Die Geschichte von Sophie Kassies in der Übersetzung von Eva Maria Pieper geht auf die Legende der Selkies zurück. Diese besagt, dass Selkies magische Wesen in Seehundgestalt sind, die zu Menschen werden können, wenn sie ihr Fell ablegen. Sie müssen aber nach einer bestimmten Zeit wieder in ihren natürlichen Lebensraum, das Meer, zurückkehren. Es gibt unterschiedliche Angaben darüber wie oft sich ein Selkie wandeln kann. Da sie sich immer wieder in ihre Seehundgestalt zurückverwandeln müssen, enden die Geschichten meist traurig. 

 

So ist es auch beim Stück in Konstanz. Das hat mich ein bisschen ratlos zurückgelassen, weil sich Oruk für mich zu schnell entschieden hat, wo er leben möchte. Natürlich geht es im Theaterstück um die Entwicklung der Figuren und der Geschichte, aber das ging mir ein bisschen zu schnell. Aber vielleicht ist das für Kinder auch gar kein Problem und ich meine Gedanken sind zu kompliziert. Ich habe dieses Problem auch oft bei Büchern, dass mir Entscheidungen am Ende dann zu schnell gehen. Das ist aber für mich auch der einzige Kritikpunkt an der Inszenierung. Das spannende und reduzierte Bühnenbild, das mit Papierbahnen das Ewige Eis darstellt und eine schöne Projektionsfläche für die Unterwasserwelt ist, fügt sich wunderbar ein in die Geschichte und lässt Raum für die direkte Interaktion zwischen den Hauptfiguren. Durch die Beleuchtung entstanden immer wieder neue Welten, das ewige Eis oder die Unterwasserwelt oder das Heim der Fischersfamilie. Auch bei den Kostümen ist die Umsetzung sparsam, lenkt nicht ab und doch ist immer klar welche Figur gerade auf der Bühne steht. Bewundernswert finde ich immer, dass sich die Schauspieler nicht von den Reaktionen der Kinder aus der Ruhe bringen lassen. Als ich mir das Stück angeguckt habe, waren recht unruhige und vorpubertäre Kids da, die jedes Mal bei der Erwähnung des Worts „nackig“ einen Lachanfall bekommen haben. 

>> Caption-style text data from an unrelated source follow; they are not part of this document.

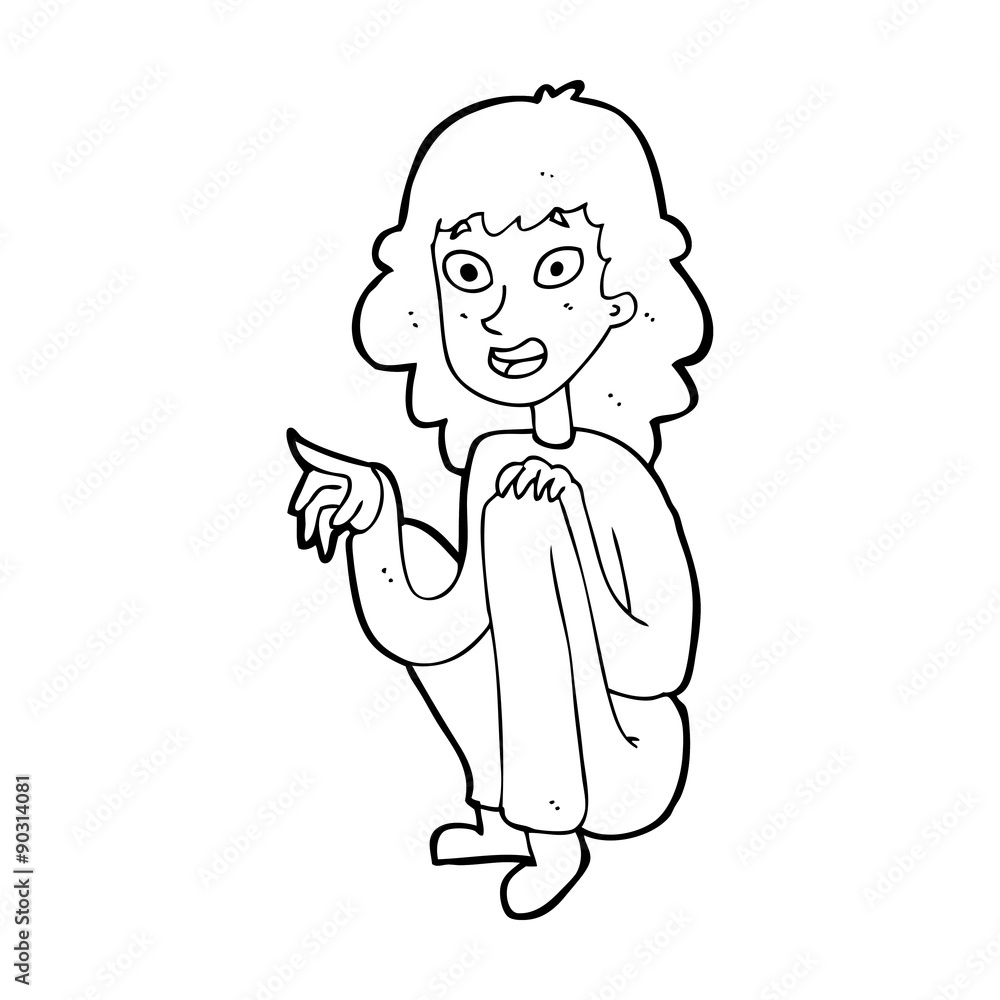 cartoon happy woman sitting and pointing cartoon happy woman sitting and pointing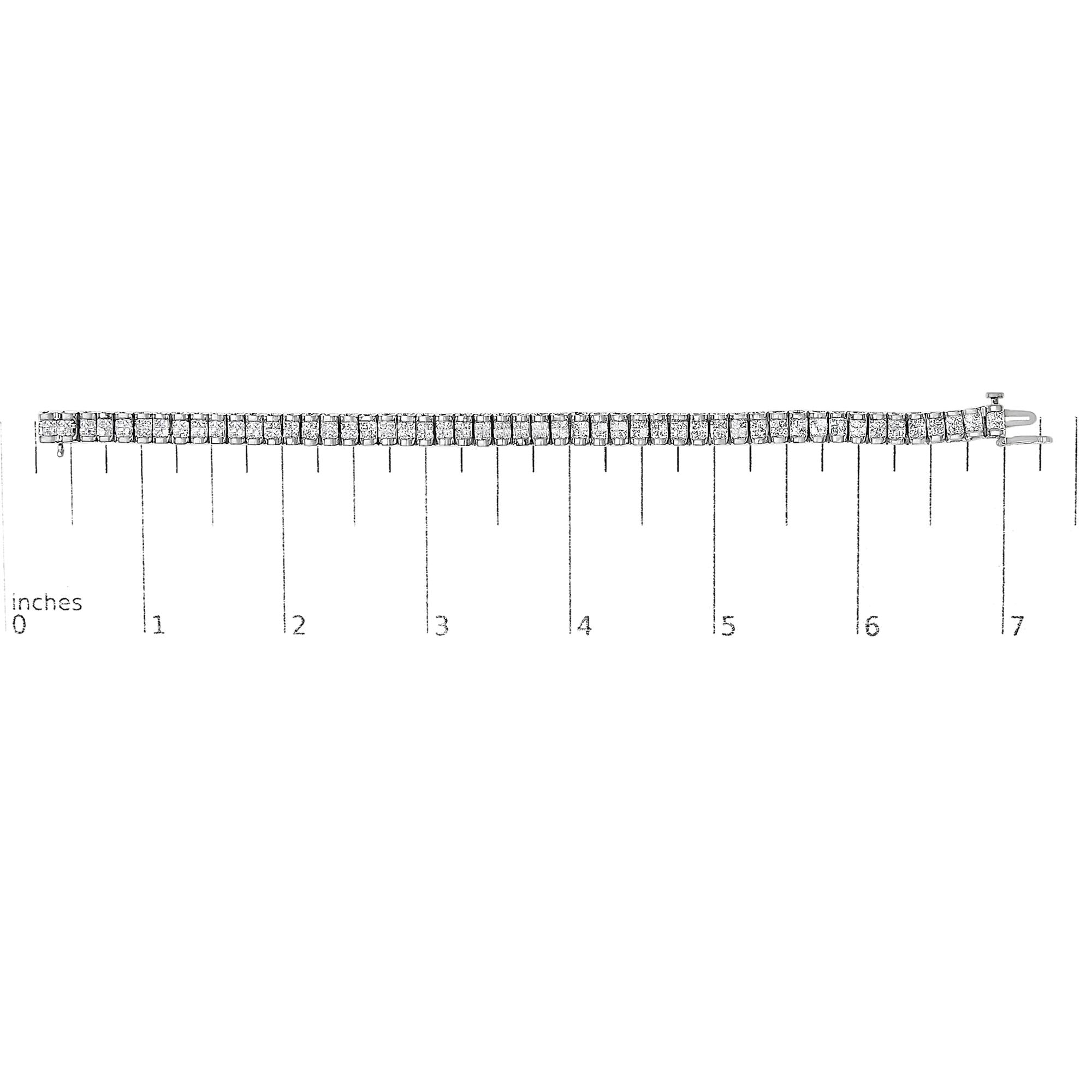 14K Gold 3.0 Cttw Princess Cut Quad Invisible Set Tennis Bracelet (H-I Color, SI1-SI2 Clarity) - 7”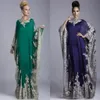 Arabische Dubai Marokkaanse Kaftan Moeder van de Bruid Jurken Suits 2022 Elegante Twee Stuk Lange Applique Plus Size Bruidegom Moeders Formele Gelegenheid Toga's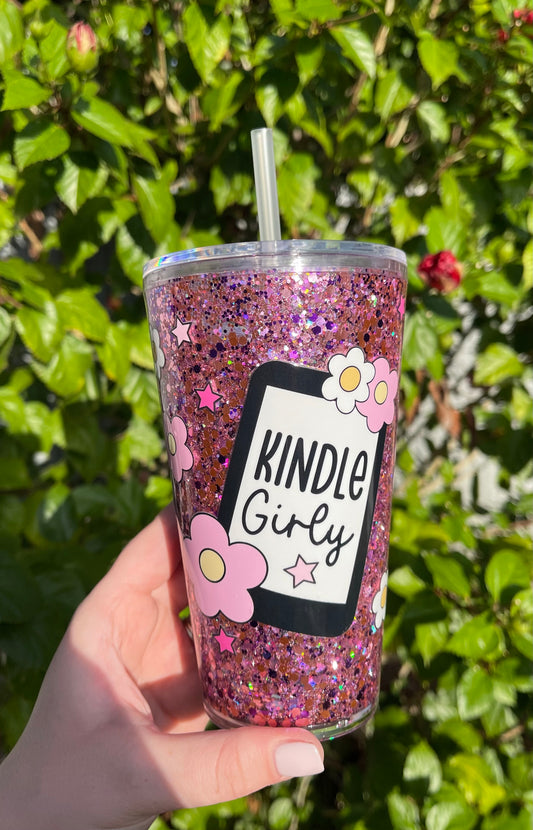 Kindle Girly Pre Made Snowglobe Tumbler
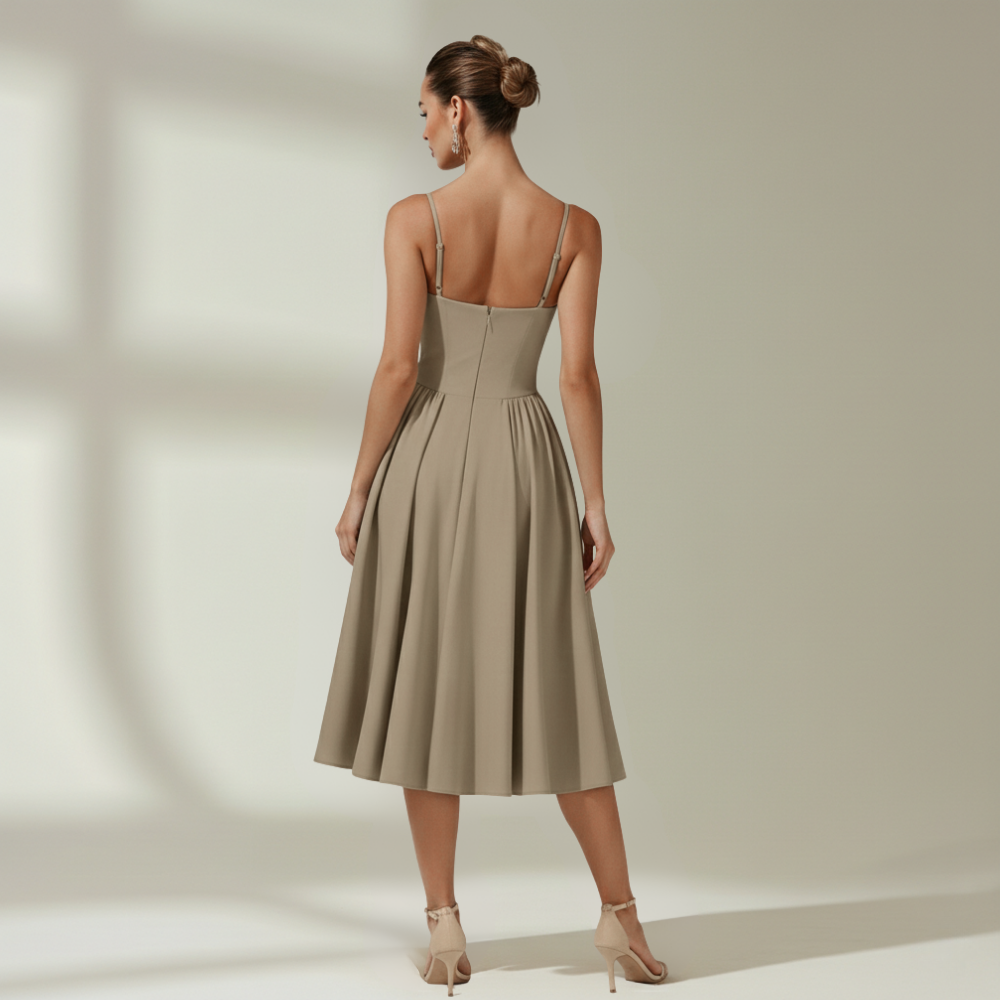 Robe midi femme à motif floral avec fines bretelles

Sehr spannend zu sehen war wie die grönländische Sängerin und Schauspielerin Kimmernaq Kjeldsen gespielt und mit den anderen Personen interagiert hat. Das zeigt, dass Theaterspielen und Musik universell sind. Dass man toll zusammenarbeiten kann, auch wenn man nicht dieselbe Sprache spricht und wunderbar miteinander arbeiten kann, auch wenn man aus unterschiedlichen Regionen und Kulturen kommt. Sie hat eine klare, kraftvolle Stimme und obwohl ich keine Ahnung habe, was der Inhalt ihrer Lieder war, hatte man Gänsehaut wenn sie gesungen hat.  Auch Gregor Müller überzeugte völlig in seiner Darstellung der beiden Persönlichkeiten Fischer und Oruk. Spannend, dass einem guten Schauspieler eine Mütze ausreicht, um klarzustellen in welcher Rolle er gerade steckt. Die Musiker will ich nicht unerwähnt lassen, die einerseits natürlich die musikalische Unterstützung für die Sängerin waren, andererseits auch eine Art „Watson“-Figur fürs Publikum darstellten. Sie übersetzten und gaben neue Impulse, um die Geschichte voranzutreiben. 

„Das Kind der Seehundfrau“ ist eine zauberhafte, anmutige, mutmachende, aber auch traurige Geschichte über Familie, Loslassen, Liebe, Erwachsenwerden und darüber die richtigen, wenn auch manchmal schmerzhaften, Entscheidungen zu treffen. Unbedingt angucken!